LEEDS, England (AP) — The English cricket club at the center of a racism investigation announced the departure of its entire coaching staff and director of cricket on Friday.
Martyn Moxon, Yorkshire’s director of cricket since 2007, and head coach Andrew Gale have left along with “all members of the coaching team,” the club said in a statement, which didn’t specify if they had been fired.
Their departures follow the resignations of club chairman Roger Hutton, who stepped down on Nov. 5, and chief executive Mark Arthur, who resigned a week later following criticism of Yorkshire over its handling of a racism allegations made by former player Azeem Rafiq.
“Significant change is required at Yorkshire County Cricket Club and we are committed to taking whatever action is necessary to regain trust,” said Kamlesh Patel, who had replaced Hutton as club chairman. “The decisions announced today were difficult to make, but are in the best interests of the club. Without making important changes to how we are run, we cannot move on from the past to become a culture which is progressive and inclusive.”
Rafiq’s complaints eventually reached the British Parliament, which heard his testimony about the Islamophobia and bullying he suffered during his two spells playing for the club from 2008-18.
Yorkshire — England’s most successful cricket club — came under fire after dismissing some of the abuse as “friendly banter” and leaving the club’s hierarchy intact.
Moxon had been absent from work because of a stress-related illness since Nov. 9 when Gale was suspended pending a disciplinary hearing into a Twitter post sent in 2010. Moxon played for Yorkshire from 1980-97. Gale captained the team until the end of the 2016 season, when he retired and became coach.
Rafiq, a former England under-19 captain, had testified that Yorkshire teammates used an offensive term referencing his Pakistani heritage and that the leadership at the 33-time winners of the English county championship failed to act.
The club said in total there were 16 departures, including six members of the backroom medical team.

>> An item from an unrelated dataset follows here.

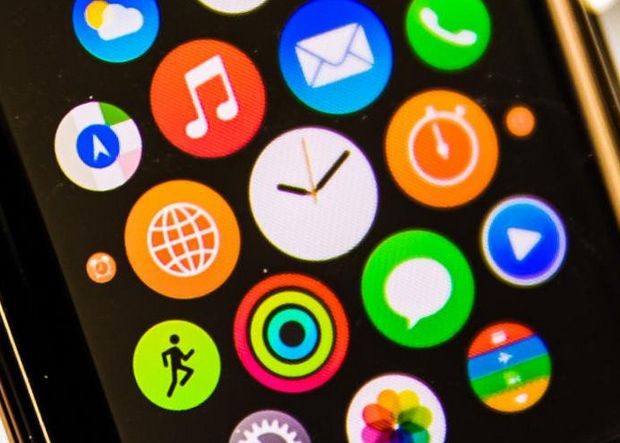 Apple a prezentat primul smartwatch din istoria companiei! Cat va costa Ce Pregateste Apple La Lansarea De Luni Seara Apple Watch Si Alte Surprize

“We want to make Yorkshire County Cricket Club a place for everyone, from all backgrounds,” Patel said. “To do this, we need to rebuild our culture and instill positive values in everyone associated with Yorkshire. We are determined to learn from the mistakes of the past to become a club which people can trust.”
Last week, the England and Wales Cricket Board announced it will create an anti-discrimination unit and conduct a review of dressing-room culture as part of a comprehensive plan formed in response to recent revelations about racism in the sport.